For the first part of this algorithm, we're following a modified version of that in a paper by Brown et al.. The idea is to first detect interest points in the two photos to stitch using the harris corners feature detection algorithm. This algorithm detects where there are corners in the image, that is where there are points such that the difference between a patch centered on that point varies widely with patches centered on nearby points. The useful aspect of this algorithm is that it will detect a lot of correct features, so we will be able to find correspondences reasonably well. Unfortunately, the algorithm also comes up with a lot of false positives, and by the nature of the problem some of the features in one image won't exist in the second. We take these issues into account when we do our matching algorithm. The first step of this is to get rid of feature points that are too close to one another, picking the higher gradient points over the lower ones. Once we have pruned in this way, we go through and extract a feature description from the patch surrounding each point. If we are using 40 pixel wide patches, then the feature description will consist of an 8x8 grid of grayscale pixel values that correspond to a resized version of the 40x40 patch in the original image. The idea with this patch is that it is spatially invariant, so it will be the same (or very similar) in other images. To account for variations in the lighting conditions of the images, we normalize the feature descriptors so that they will not vary based on brightness or dynamic range of the image. Once we have these feature descriptors, we simply go through for each feature point in the first image and see if it matches any feature points in the second image. Our metric for matching is that the ratio between the best match and the second best match is less than some threshold. This means that if a feature from image A matches a feature from image B very well and the next best match isn't great, then we are reasonably confident that we have a match. On the other hand, if the matches in image B are all of similar value, then we aren't confident and we don't take that point.

At this point we have a lot of matching points, most of which are probably reasonably correct.
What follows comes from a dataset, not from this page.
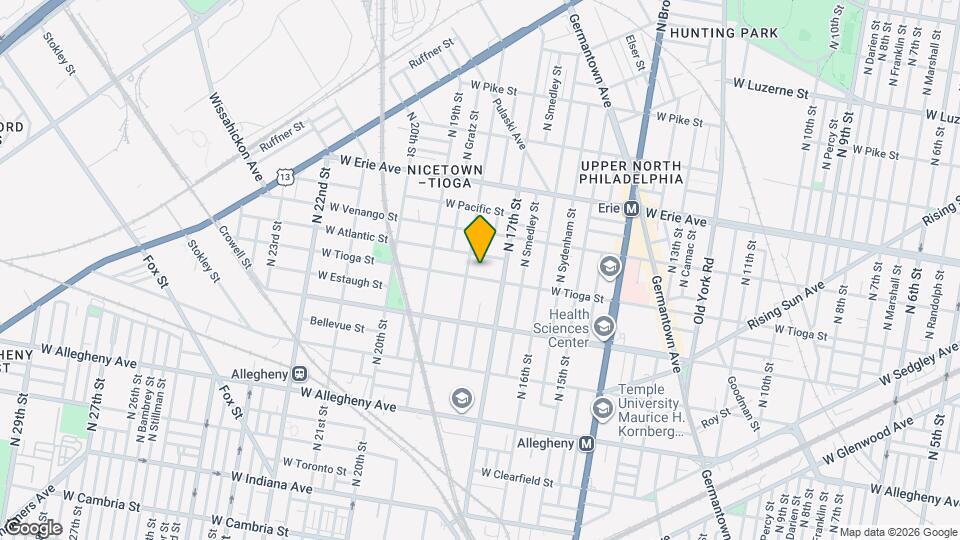 1721 W Tioga St, Unit 4 3rd Floor Map and Location Details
We now use RANSAC to determine a homography between the two images. Basically we pick four random pairs of points and generate a homography based on those points. Next we take that homography and apply it to every other pair of points and see how close that homography is to working for each pair of points (that is, if applied to the point in image A, how close is it to its pair in image B). We repeat this process many times and keep track of the homography where the most points matched up. After we finish repeating that process, we calculate a new homography using an overconstrained system made up of all the points we found in the best agreement. The idea here is that by randomly picking four points, we will stumble upon a reasonably close to true homography, and that when we do the inliers among our points will all agree, while some outliers will not. This works as long as outliers are outliers in different ways.

Results

Discussion

This algorithm seems to work reasonably well, although it clearly worked much better for the given test images than for my own images. The weakness here is when the images are taken from slightly differing spatial viewpoints, as can happen if you don't have a tripod or you're taking pictures with your phone. The last two panoramas were created using images from my phone, and although they worked alright, you can see issues with, for instance, the bowl in the last image. Overall, though, the algorithm works quite well.